Full disclosure: I make 3D scan custom dress forms for a living. But, I’ve been working with dress forms for a long time to sew for myself so I thought I’d share what I’ve learned over the years. Please do take my suggestions with a grain of salt as there are many valid perspectives out there besides mine. 🙂
The first thing to ask yourself is…
How will I use my form?
It’s important to carefully think about what you’d like to accomplish with a dress form before buying. It sounds obvious but you’d be surprised how many new buyers haven’t fully thought this through (been there, done that.) To get you started, here are few ways a dress form can function in your sewing practice:
- designing commercial apparel for the masses
- designing custom apparel for an individual
- draping original designs
- draping to solve fitting issues
- fitting partial & completed garments
- fitting paper patterns
- altering RTW
- displaying garments to share online or with clients
- design muse
- expensive hanger…you get the picture 😉
I’ve included a few links above if you’re not familiar with some of these techniques, but I encourage you to keep exploring online to learn more.
Who am I designing for?
Who will be wearing the clothing you design with your form? Will you be designing for one person or many different people? Will they be available for all the fittings you require to get a great result?
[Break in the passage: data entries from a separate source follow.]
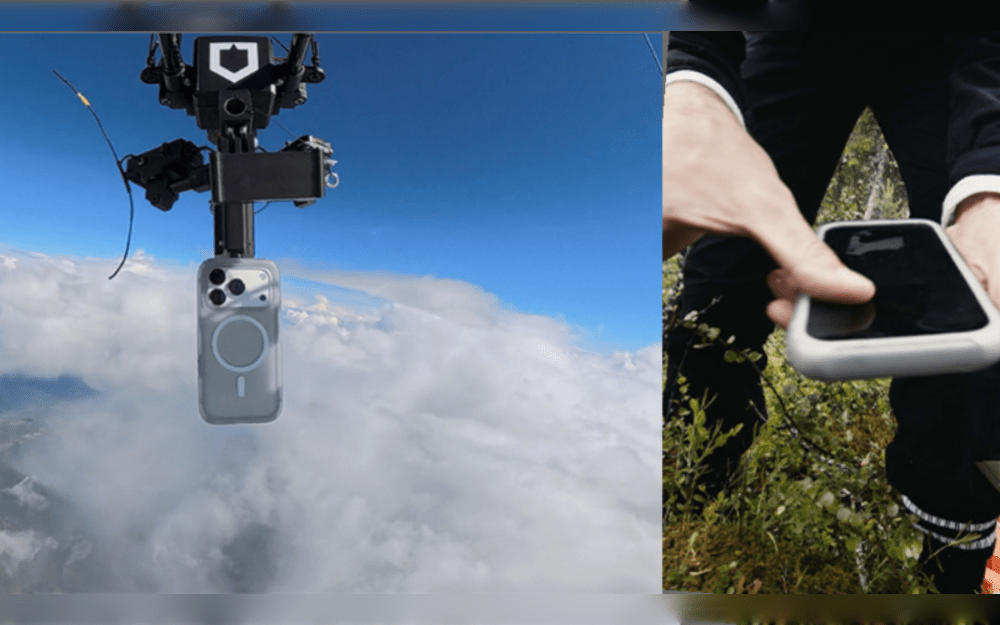By dropping a phone from space and retrieving it undamaged, a mobile phone case company put their product design to the ultimate test. Together, Rhinoshield Pte. Ltd and Sent Into Space Ltd of United Kingdom broke the record for the highest drop of a mobile phone in a phone case (natural landforms).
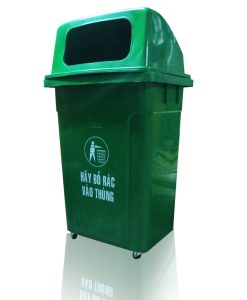 Thùng rác 95 Lít nắp hở có bánh xe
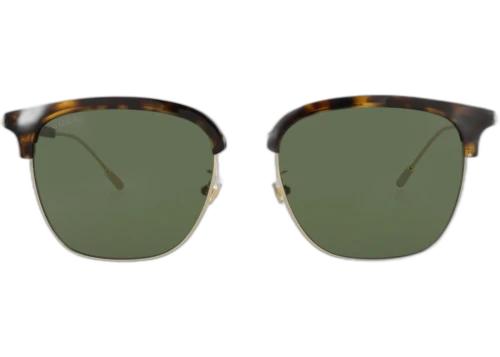 Gucci Round-Frame Recycled Acetate Sunglasses Havana/Gold/Green (GG1275SA-30013860-002)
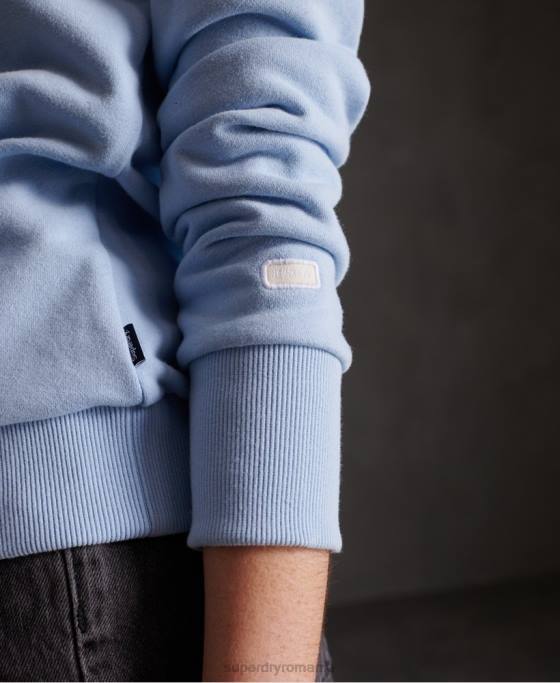 Superdry hanorac neperiat de turmă înregistrată îmbrăcăminte albastru femei JX0Z3508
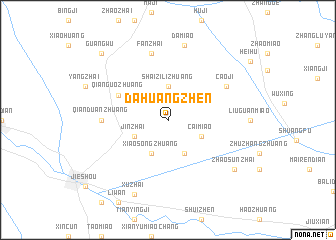 map of Dahuangzhen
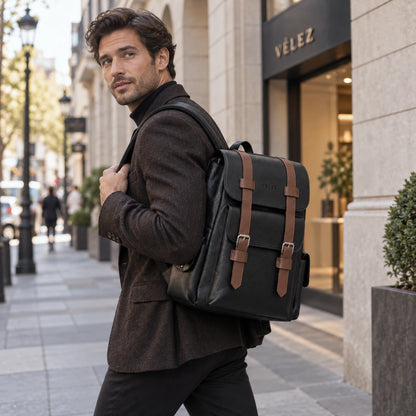 Morral Vélez de Cuero Premium para Hombre – Lote Exclusivo con 70% de Descuento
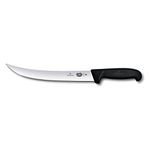 Victorinox Cutlery 10-Inch Curved Breaking Knife, Black Fibrox Handle (47538)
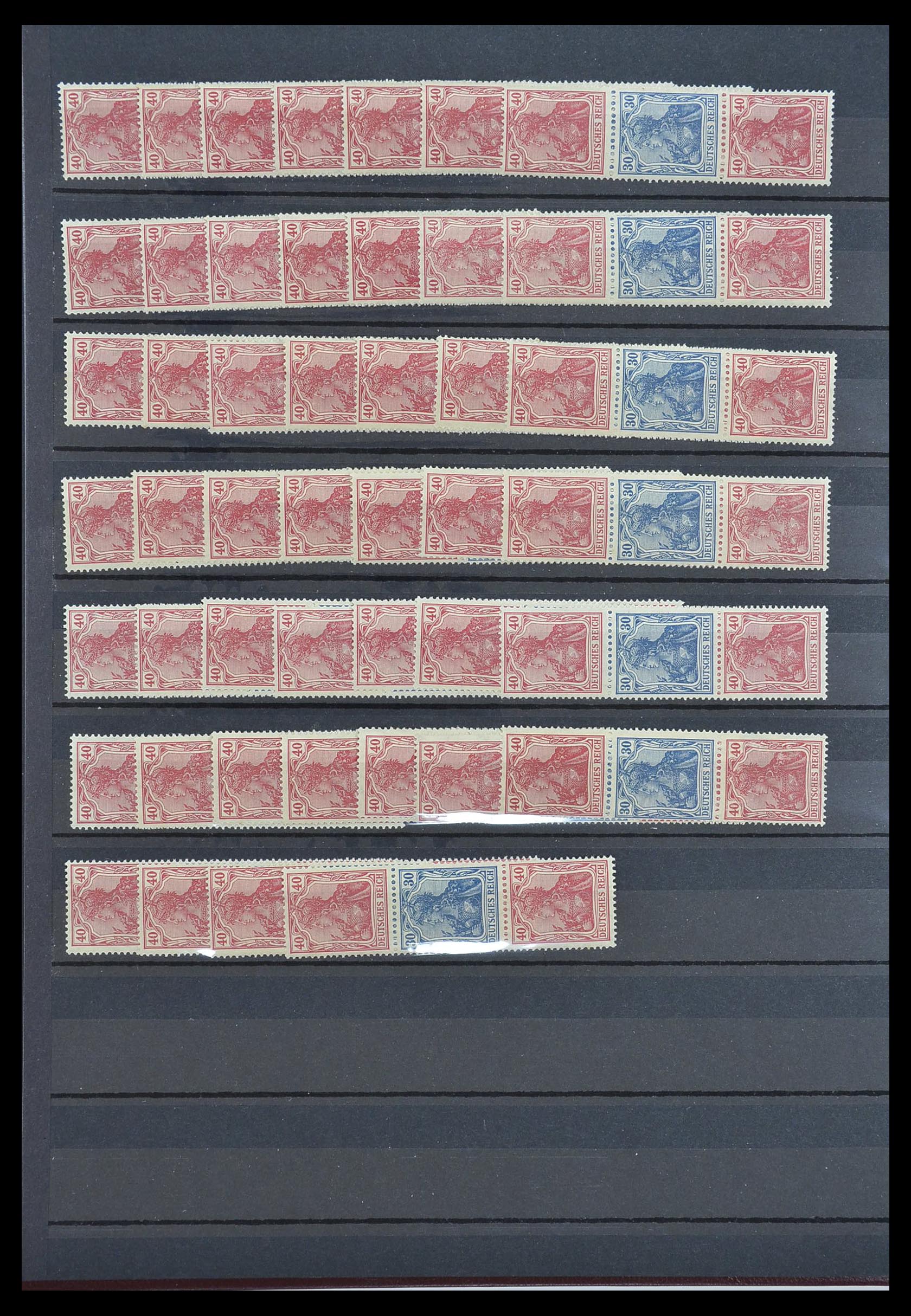 33454 061 - Postzegelverzameling 33454 Duitse rijk combinaties 1921-1941.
The needs of someone designing for mass manufacturing are quite different from a home sewist tissue fitting existing patterns for themselves, or a costume designer fitting a period garment for an actor on another continent. (Yup, we have technology for that!)
What features do I need?
Now that you have an idea of how you’ll use your form, the next step is to think about what features are important to you and which ones you can live without for now. Some key features to consider:
- Half or full size. Take a moment to consider what you’ll be making with your dress form most of the time. Just tops and dresses? In that case, you can get away with a half form (torso through the upper thigh or hip) with no leg separation. But if you’re fitting pants or let’s say a dance costume with a leotard, you’ll need leg separation and perhaps even a full leg. Many commercial designers require a form which includes both legs (bifurcated form) and perhaps some arms. Speaking of…
- Arms & legs. These can be integrated or removable. Unlike legs, you can pretty easily diy an arm upgrade later if your dress form doesn’t come with them. You can make your own arm “cap” by building up a ball of fabric and pinning it to your shoulder. It’s also possible to make your own custom arm from measurements.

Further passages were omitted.